Bestattungswälder in Westfalen

02.03.2015 Simone Böhnisch

"Frieden findet man nur in den Wäldern", wusste schon Michelangelo. Heute erhält dieser Ausspruch im Zusammenhang mit einem Todesfall eine ganz neue Bedeutung, denn eine neue Bestattungsform im Wald schlägt sich räumlich nieder und gewinnt auch in Westfalen an Relevanz.

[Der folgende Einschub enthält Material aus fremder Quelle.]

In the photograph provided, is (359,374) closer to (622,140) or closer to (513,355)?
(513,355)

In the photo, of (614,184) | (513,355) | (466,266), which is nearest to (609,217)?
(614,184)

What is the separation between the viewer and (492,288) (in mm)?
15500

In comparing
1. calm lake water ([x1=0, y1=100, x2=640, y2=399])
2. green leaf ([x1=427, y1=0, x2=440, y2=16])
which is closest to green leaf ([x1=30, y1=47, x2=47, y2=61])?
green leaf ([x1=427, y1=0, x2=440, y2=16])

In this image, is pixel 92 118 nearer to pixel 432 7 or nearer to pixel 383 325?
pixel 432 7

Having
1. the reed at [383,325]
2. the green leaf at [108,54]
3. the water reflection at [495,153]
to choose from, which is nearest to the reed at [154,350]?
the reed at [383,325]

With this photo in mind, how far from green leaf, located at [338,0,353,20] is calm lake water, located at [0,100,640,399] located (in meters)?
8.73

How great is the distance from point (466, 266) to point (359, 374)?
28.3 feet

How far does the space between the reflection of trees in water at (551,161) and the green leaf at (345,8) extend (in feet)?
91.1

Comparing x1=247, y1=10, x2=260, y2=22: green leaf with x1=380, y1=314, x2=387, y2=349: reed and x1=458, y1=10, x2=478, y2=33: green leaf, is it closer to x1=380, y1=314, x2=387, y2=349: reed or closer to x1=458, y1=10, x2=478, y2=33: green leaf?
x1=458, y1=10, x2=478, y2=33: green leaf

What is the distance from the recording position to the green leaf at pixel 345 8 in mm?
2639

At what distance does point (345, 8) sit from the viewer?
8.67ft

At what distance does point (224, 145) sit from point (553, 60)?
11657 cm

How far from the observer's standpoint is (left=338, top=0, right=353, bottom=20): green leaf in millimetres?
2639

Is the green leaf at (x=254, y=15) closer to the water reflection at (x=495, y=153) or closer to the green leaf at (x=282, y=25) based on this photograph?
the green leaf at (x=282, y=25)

Nach dem Inkrafttreten des Gesetzes über das Friedhofs- und Bestattungswesen in Nordrhein-Westfalen am 01.09.2003 erhielt der Trend zur naturnahen Bestattung deutlichen Rückenwind. Das Gesetz besagt, dass Friedhofsträger (Gemeinden und Religionsgemeinschaften, die Träger öffentlichen Rechts sind) sich bei der Errichtung und dem Betrieb von Friedhöfen Dritter bedienen dürfen. "Sie dürfen Errichtung und Betrieb der Friedhöfe, auf denen ausschließlich Totenasche im Wurzelbereich des Bewuchses beigesetzt wird, auch privaten Rechtsträgern (Übernehmern) übertragen; diese Beisetzungsstätten sind nur insoweit zulässig, als öffentlich-rechtliche Vorschriften oder öffentliche oder private Interessen nicht entgegenstehen, sie öffentlich zugänglich sind und die Nutzungsdauer grundbuchrechtlich gesichert ist." (§1 Abs. 4 Bestattungsgesetz NRW)

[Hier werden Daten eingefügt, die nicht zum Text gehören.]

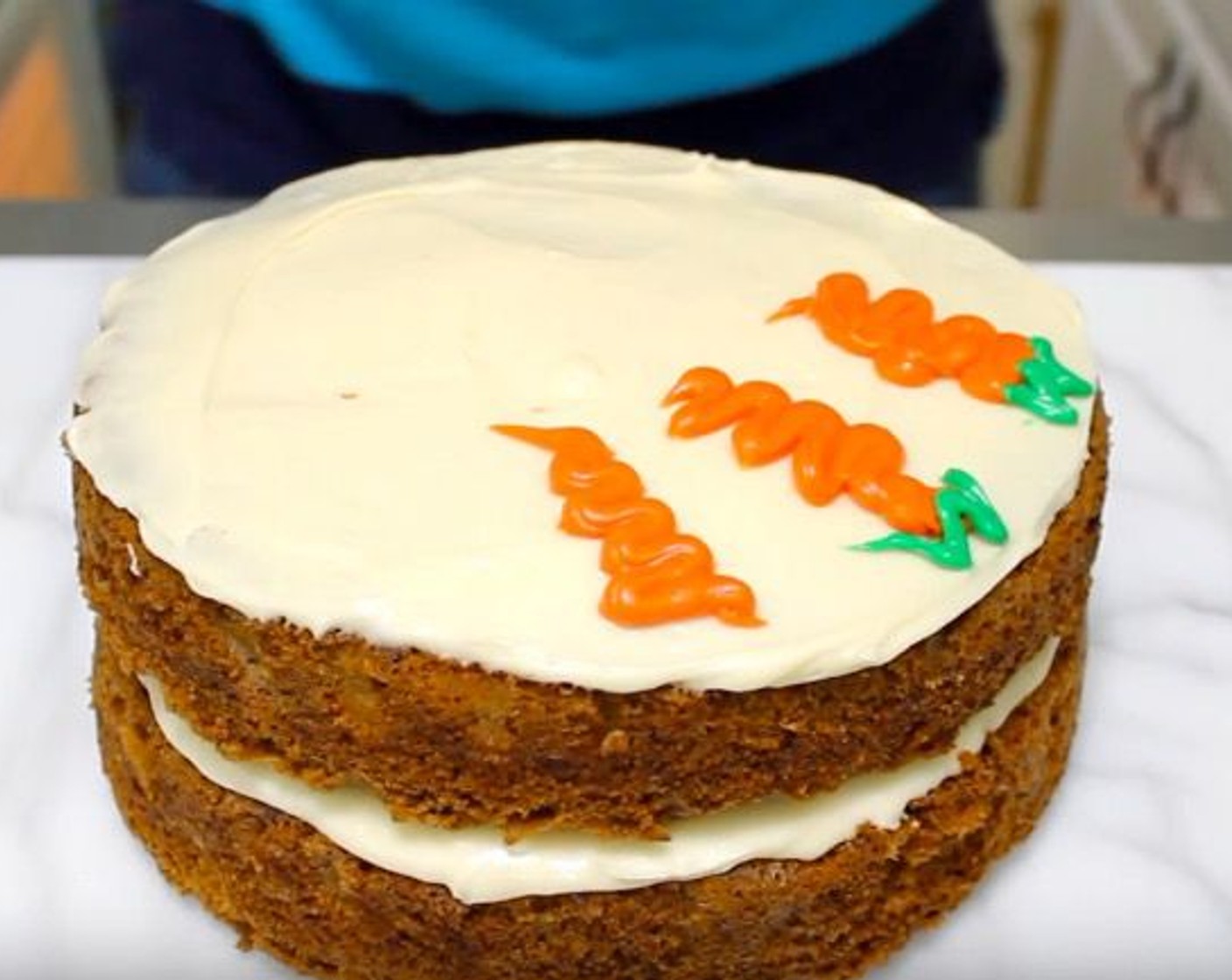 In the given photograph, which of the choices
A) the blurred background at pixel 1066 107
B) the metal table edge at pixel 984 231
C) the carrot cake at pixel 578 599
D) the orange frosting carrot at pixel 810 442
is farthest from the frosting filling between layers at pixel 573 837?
the blurred background at pixel 1066 107

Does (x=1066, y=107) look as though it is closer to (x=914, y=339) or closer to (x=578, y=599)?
(x=914, y=339)

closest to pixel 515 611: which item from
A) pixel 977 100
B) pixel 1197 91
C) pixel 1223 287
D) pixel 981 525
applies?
pixel 981 525

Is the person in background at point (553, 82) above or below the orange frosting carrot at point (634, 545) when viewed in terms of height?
below

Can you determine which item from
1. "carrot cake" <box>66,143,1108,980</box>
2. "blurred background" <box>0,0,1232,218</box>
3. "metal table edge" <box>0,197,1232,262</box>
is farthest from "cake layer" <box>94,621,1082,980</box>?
"blurred background" <box>0,0,1232,218</box>

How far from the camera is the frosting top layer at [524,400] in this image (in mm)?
789

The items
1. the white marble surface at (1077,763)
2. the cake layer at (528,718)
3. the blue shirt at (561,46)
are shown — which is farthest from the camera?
the blue shirt at (561,46)

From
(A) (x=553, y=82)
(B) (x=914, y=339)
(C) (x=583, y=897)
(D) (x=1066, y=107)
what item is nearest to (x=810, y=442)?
(B) (x=914, y=339)

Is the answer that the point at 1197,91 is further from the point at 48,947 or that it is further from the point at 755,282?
the point at 48,947

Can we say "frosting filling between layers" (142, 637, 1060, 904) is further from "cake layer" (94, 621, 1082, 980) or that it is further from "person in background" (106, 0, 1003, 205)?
"person in background" (106, 0, 1003, 205)

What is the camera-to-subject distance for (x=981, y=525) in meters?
0.83

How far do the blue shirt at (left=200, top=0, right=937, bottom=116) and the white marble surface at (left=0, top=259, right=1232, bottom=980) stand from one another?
28cm

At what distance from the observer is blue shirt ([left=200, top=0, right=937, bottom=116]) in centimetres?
134

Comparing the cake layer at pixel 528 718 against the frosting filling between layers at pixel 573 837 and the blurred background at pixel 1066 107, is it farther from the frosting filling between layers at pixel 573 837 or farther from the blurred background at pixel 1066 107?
the blurred background at pixel 1066 107

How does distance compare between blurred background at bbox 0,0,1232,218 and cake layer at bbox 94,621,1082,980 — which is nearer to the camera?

Abb. 1: Beisetzung im Waldgebiet eines RuheForstes (Foto: RuheForst GmbH)

Es besteht nun also die Möglichkeit, Bestattungen im Wurzelbereich von Bäumen und Sträuchern durchzuführen, auch außerhalb von traditionellen Friedhöfen in Wäldern, die als Friedhöfe umgewidmet wurden. Im Unterschied zu einem Waldfriedhof (s. Beitrag Bischoff/Wehlburg), bei dem traditionelle Grabstätten in einem Waldgebiet liegen, werden in einem Bestattungswald Urnen mit der Asche Verstorbener direkt zwischen den Wurzeln einzelner Bäume beigesetzt. Die Grabstätten sind naturbelassen und nicht durch Grabsteine oder Bepflanzungen gekennzeichnet. Lediglich Schilder an den Bäumen weisen auf die Grabstätten hin.

Während im Jahr 2009 die Asche von rd. 20.000 Verstorbenen unter Bäumen beigesetzt wurde, hat sich die Zahl bis zum Jahr 2013 auf ungefähr 45.000 erhöht. Dies entspricht einem Anteil an allen Bestattungen von etwas mehr als 5% (www.aeternitas.de).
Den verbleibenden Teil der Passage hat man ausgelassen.